Over 200 campsites are maintained within the park’s boundaries but each is only accessible via boat. Those wanting to visit the area but camp at a more typical campground will want to check out the two state operated campgrounds adjacent to the national park.
Cumberland Island National Seashore
Established by Congress in 1972 and administered by the National Park Service, Cumberland Island National Seashore in Georgia is located on that state’s largest and southernmost barrier island. The Seashore protects a diverse landscape which includes marshes, maritime forests and undeveloped beaches.
First inhabited by Native Americans, European settlers were quick to realize the beauty and potential of Cumberland Island. By the time of the American Revolutionary War, cotton plantations were already cropping up on the island with famed inventor Eli Whitney even taking part. His invention the cotton gin revolutionized the industry by removing most of the labor involved with separating the cotton fibers from the seeds.

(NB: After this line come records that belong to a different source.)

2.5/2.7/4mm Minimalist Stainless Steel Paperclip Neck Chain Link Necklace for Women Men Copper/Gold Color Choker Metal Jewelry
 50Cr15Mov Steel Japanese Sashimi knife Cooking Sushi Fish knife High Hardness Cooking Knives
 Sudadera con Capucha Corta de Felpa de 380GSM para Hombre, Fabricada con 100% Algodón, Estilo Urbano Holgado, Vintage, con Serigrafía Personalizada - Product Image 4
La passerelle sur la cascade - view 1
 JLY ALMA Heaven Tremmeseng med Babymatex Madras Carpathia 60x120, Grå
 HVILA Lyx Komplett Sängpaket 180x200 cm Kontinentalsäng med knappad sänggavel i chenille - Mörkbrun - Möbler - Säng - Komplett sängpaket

Those visiting Cumberland Island will be impressed by the area’s temperate climate year-round. Average temperatures in the summer hover in the 80’s while the winter months only drop down to the 60’s. Humidity, however is another factor. Morning humidity is routinely in the 90% range with a drop only to the 60% range by mid-afternoon.
Block Island National Wildlife Refuge
Consisting of only 127 acres, Block Island National Wildlife Refuge in Rhode Island was established in 1973 when the Coast Guard transferred a much smaller 28 acres for the refuge’s creation. Through the years, the remaining 99 acres was added to the facility to bring it to the size it is today.
Still, one would not normally consider 127 acres to be sufficient to be included as a national wildlife refuge. However, this small size is manageable for two reasons. First, it is overseen by the larger Rhode Island National Wildlife Refuge Complex which controls five different refuge areas in the state of Rhode Island. Second, Block Island National Wildlife Refuge is surrounded by private land owners who also value the benefits of natural resources and protect the land accordingly.
Consequently, Block Island serves as an excellent habitat for wildlife and those people interested in seeing them. Bird-lovers are especially fond of the area since 70 different species of migratory songbirds visit the area each fall. Also located on the island is the state’s largest colony of gulls as well as several different species of state concern.